Section 5.Conditions to Effectiveness.  This Agreement shall become effective on the Eleventh Amendment Effective Date and enforceable against the parties hereto and the other Lenders pursuant to the terms of the Credit Agreement upon the occurrence of the following conditions:
(a)The Administrative Agent shall have received counterparts of this Agreement duly executed by the Parent, the Borrower, the other Guarantors and the Majority Lenders;
(b)The Borrower shall have paid all fees and expenses of the Administrative Agent's outside legal counsel and other consultants and of the legal counsels for the Lenders in the steering committee , in each case, pursuant to all invoices presented for payment on or prior to the Eleventh Amendment Effective Date, which the Borrower acknowledges and agrees may include a retainer amount up to $250,000, which amount need not be held by Bracewell LLP in a separate 

bank account and may be applied as payment of, or credit to, legal expenses of the Administrative Agent or any other Lender; 
(c)The Borrower shall have delivered fully executed Account Control Agreements (as defined in Section 2 above) with respect to all deposit accounts maintained by the Borrower, the Parent or any other Credit Party, subject to the exceptions set forth in Section 2 above; 
(d)The Administrative Agent shall have received fully executed, true and complete copies of non-disclosure agreements binding the Ad Hoc Committee in form and substance satisfactory to the Administrative Agent (which satisfaction is evidenced by the delivery of the Administrative Agent’s signature hereto); and
(e)All existing commodity-price Swap Agreements with Wells Fargo Bank, National Association and with Société Générale shall have been unwound and 100% of the proceeds thereof shall have been directed by the Borrower to be applied as a prepayment of outstanding Loans.
Section 6.Acknowledgments and Agreements.  
(a)Each Credit Party acknowledges that on the date hereof all outstanding Obligations are payable in accordance with their terms and each Credit Party waives any defense, offset, counterclaim or recoupment, in each case existing on the date hereof, with respect to such Obligations.  

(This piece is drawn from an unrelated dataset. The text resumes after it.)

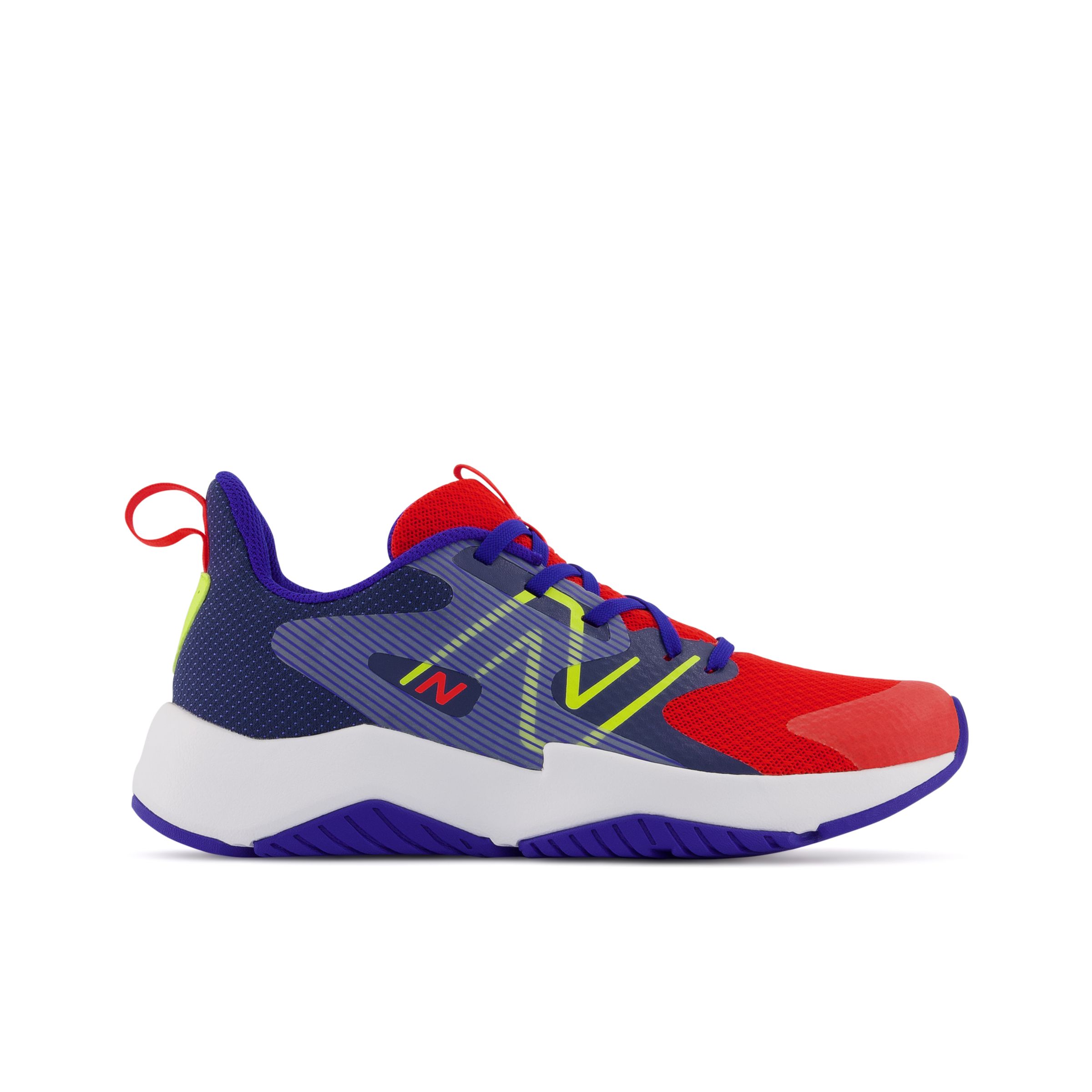 

New Balance Kids' Rave Run v2 Red/Yellow/Blue - Red/Yellow/Blue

(b)The descriptions herein of the Subject Defaults are based upon the information provided to the Lenders on or prior to the date hereof and shall not be deemed to exclude the existence of any other Defaults or Events of Default.  The failure of the Lenders to give notice to the Borrower or the Guarantors of any such other Defaults or Events of Default is not intended to be nor shall be a waiver thereof.  Each Credit Party hereby agrees and acknowledges that the Secured Parties require and will require strict performance by the Credit Parties of all of their respective obligations, agreements and covenants contained in the Credit Agreement and the other Loan Documents (including any action or circumstance which is prohibited or limited during the existence of a Default or Event of Default), and no inaction or action by any Secured Party regarding any Default or Event of Default (including but not limited to the Subject Defaults) is intended to be or shall be a waiver thereof.  Each Credit Party hereby also agrees and acknowledges that no course of dealing and no delay in exercising any right, power, or remedy conferred to any Secured Party in the Credit Agreement or in any other Loan Documents or now or hereafter existing at law, in equity, by statute, or otherwise shall operate as a waiver of or otherwise prejudice any such right, power, or remedy (collectively, the "Lender Rights").  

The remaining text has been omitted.